Le concerto de M. Grieg a été exécuté au Châtelet par un artiste belge, professeur au Conservatoire de Bruxelles, M. de Greef, qui nous a étonné. Songez donc ! Un pianiste qui joue sans sécheresse ni dureté, qui prend les notes avec douceur, au lieu de les attaquer, comme tant d’autres, avec une violence véritablement agressive.
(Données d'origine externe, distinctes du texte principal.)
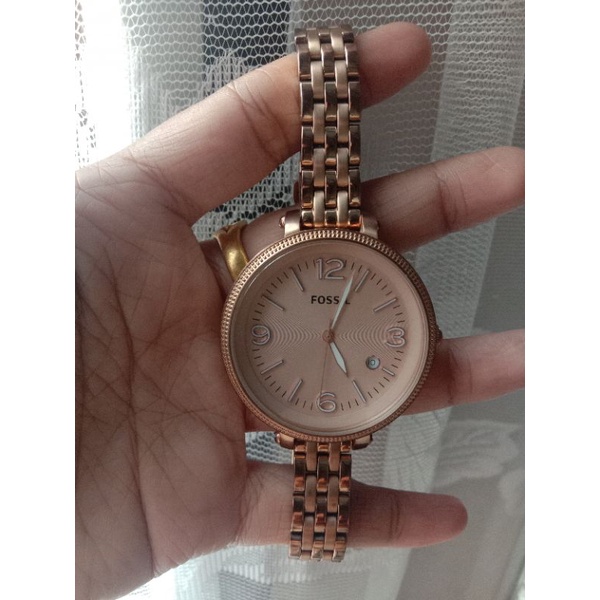 ⛔SOLD⛔ preloved jam fossil jengkol rose gold es3130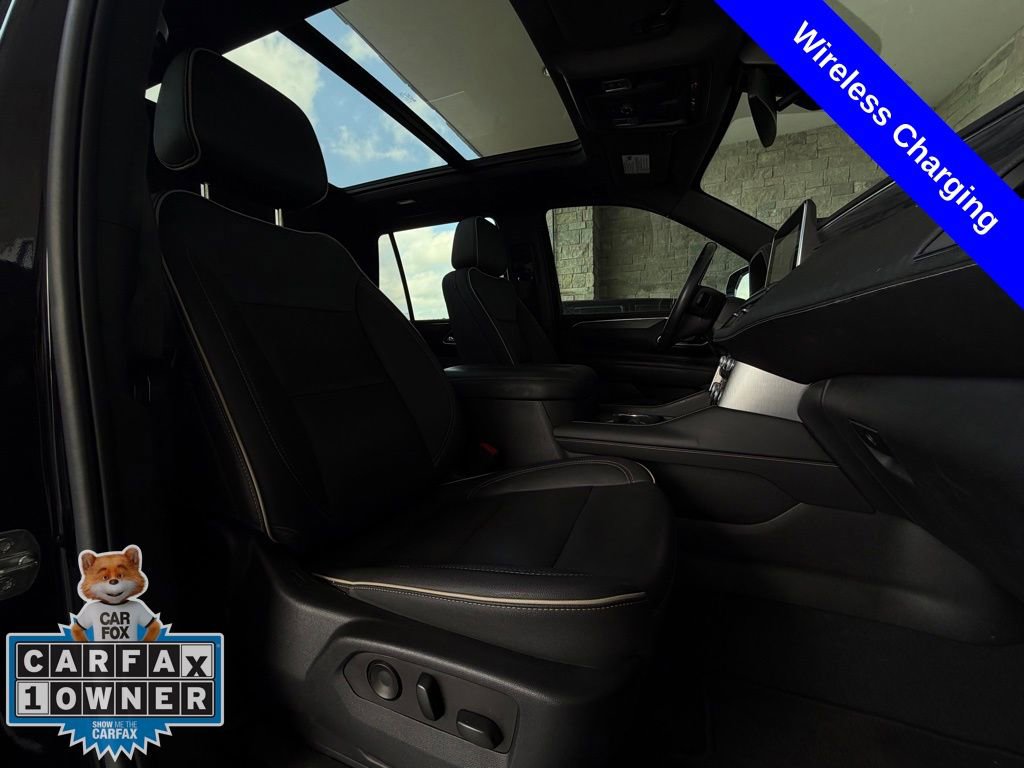 Used 2022 GMC Yukon SLT w/ SLT Premium Package AWD/4WD image 25
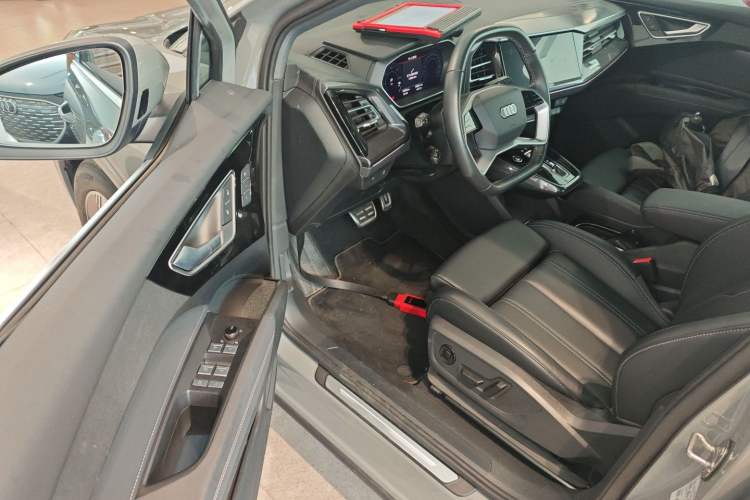 Used Audi Q4 e-tron 2024 40 e-tron Boundary Edition Driver Seat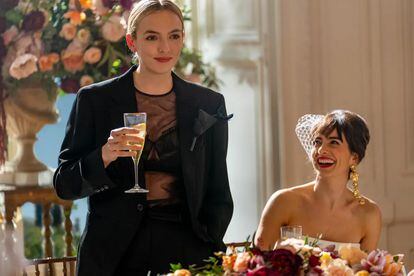 El primer capítulo de la tercera temporada arranca con boda. Para la ocasión, Villanelle elige un traje negro con cuerpo transparente de Simone Rocha.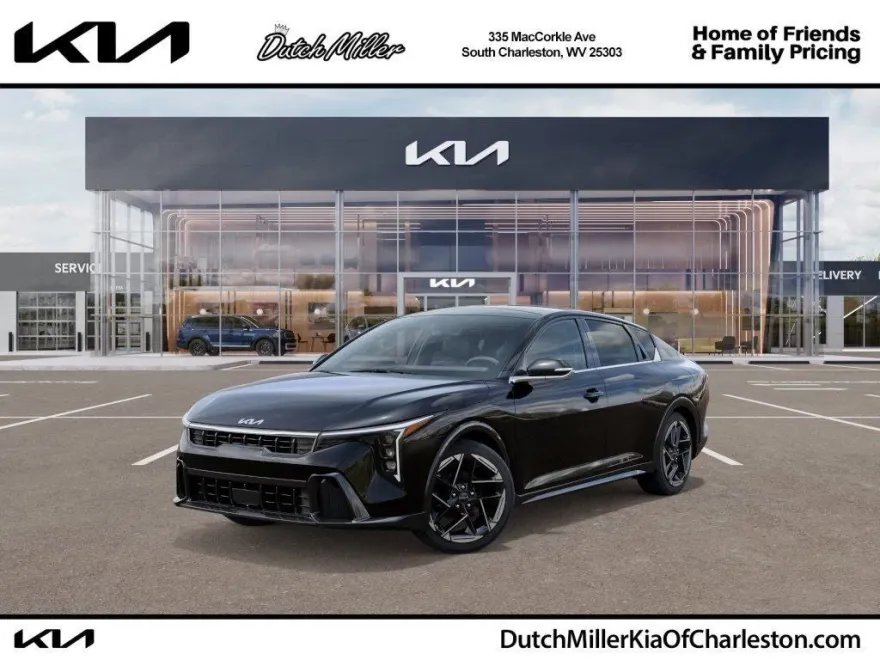 2025 Kia K4 GT-Line photo 1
M. de Greef obtient du clavier des sonorités moelleuses et rondes, des sonorités à longue portée, qu’il nuance, qu’il dégrade comme les peintres font de leurs couleurs, comme s’il n’y avait pas entre les cordes et les doigts de l’artiste ces affreuses touches d’ivoire et de bois, si souvent rebelles à toute expression et à toute poésie.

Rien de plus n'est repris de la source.